In the Washington Post today, Howard Kurtz writes,

In articles, columns and one internal ABC News memo, some journalists have argued that the president has engaged in far more serious distortions than John Kerry has, and that media outlets should blow the whistle on these falsehoods.

"Your instinct is that if we say bad things about one side you have to say bad things about the other side," says Adam Nagourney, the New York Times's chief political reporter. "You want to give equal scrutiny to both sides, but I don't think you should impose a false equivalence that doesn't exist."

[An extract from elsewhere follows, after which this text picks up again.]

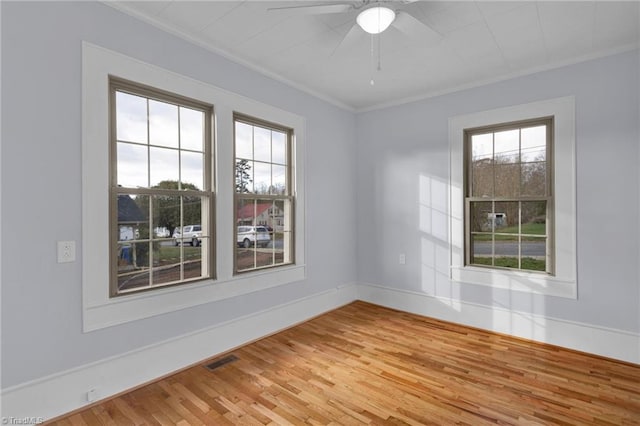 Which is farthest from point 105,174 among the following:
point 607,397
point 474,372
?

All you have to do to confirm that the media goes easy on the sitting president and tries to match falsehood to falsehood is to read analysis of the debates. In the Washington Post's analysis of the VP debate, this Edwards misstatement was deemed worthy of mention:

Edwards also asserted that "the president is proposing a constitutional amendment to ban gay marriage that is completely unnecessary." But Bush simply endorsed such an amendment that had already been introduced on Capitol Hill.

In the 3rd Presidential Debate, Bush Jr asserted the same thing,

I proposed a constitutional amendment.

Did the WP call him on that? No, and no.